The Chambers’ recent family vacation to Mexico found her taking a vast amount of photos. Such sourcing inspo spans the mundane and the monumental: from stone inlay within baseboard molding to the sloping staircase leading to a primary suite and a sculptural installation of concrete vessels as fencing.

Unfiltered in her absorption, no detail seems too small, no idea too ambitious. She takes it all in. Only upon reentry does she begin to scroll through her images, pulling specific moments out, letting them percolate into current or future projects. “A lot of my pictures don’t make sense to anyone but me,” Elisa says. Momentary epiphanies, elusive even to Elisa after the fact: “Sometimes, I have to go through and say, ‘Why did I take this picture?’”


In Mexico, Elisa traced the abundance of sand into the preponderance of concrete, used widely and wonderfully. In keeping with such sourcing, she found nature informed so many interesting design elements, from palm fronds as canopy to masonry as continuous floor-to-wall treatment.


From pebble accents to sculptural installations: Elisa registered shifts in scale and the drama they delivered. Vessels, blocks, bricks: common forms became artistic when oversized.

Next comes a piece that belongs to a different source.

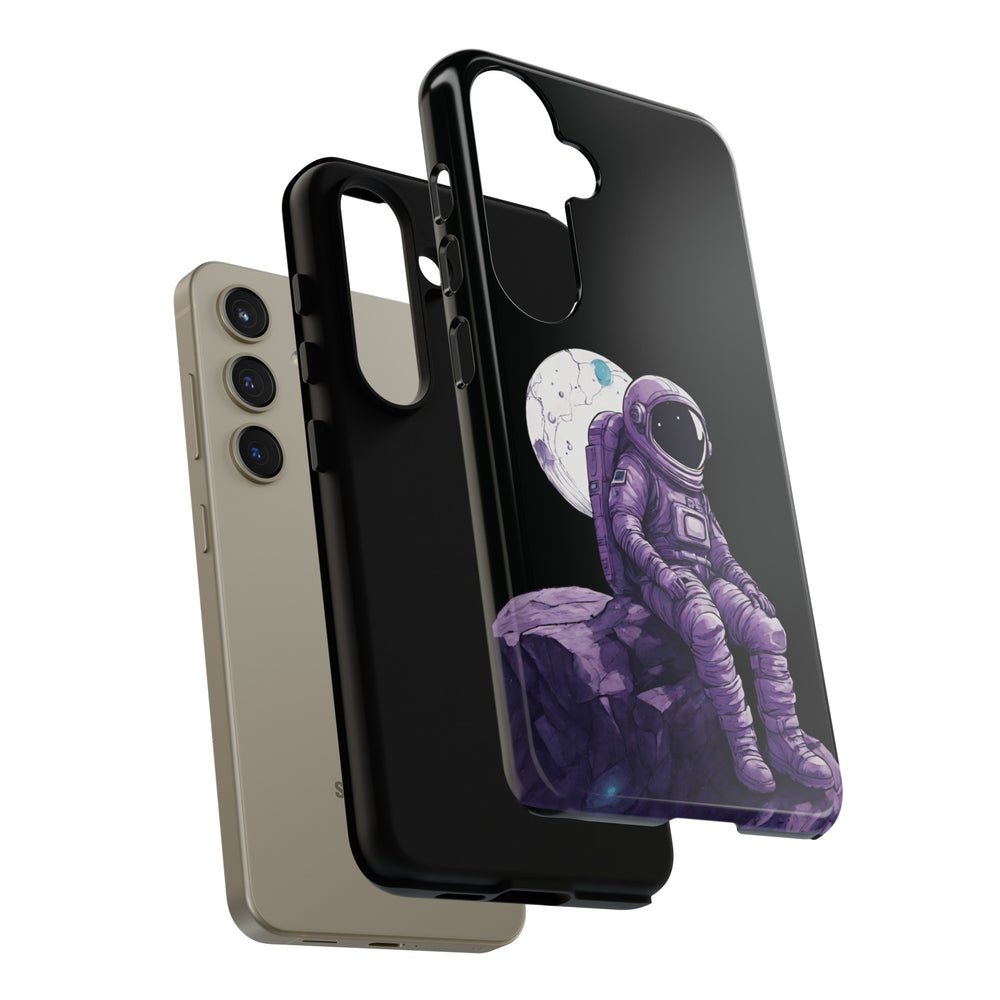 Art Samsung Galaxy Mobile Cases Still Waiting Astronaut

“I’m always in tune with how people live in spaces,” Elisa says. “I’m constantly making note of how other people live and how they integrate their families.” After staying in several communities in Baja, she found domestic layouts successful if they stirred easy, integrated living. The stone built-ins surrounding a pool—set between primary and guest quarters—underscored the amenity as the social hub of the house.

“I love to see the way people interact and how they integrate all parts of their lives into their home,” Elisa says. “A home is such a major investment, both financially and emotionally. You want it to be generational.”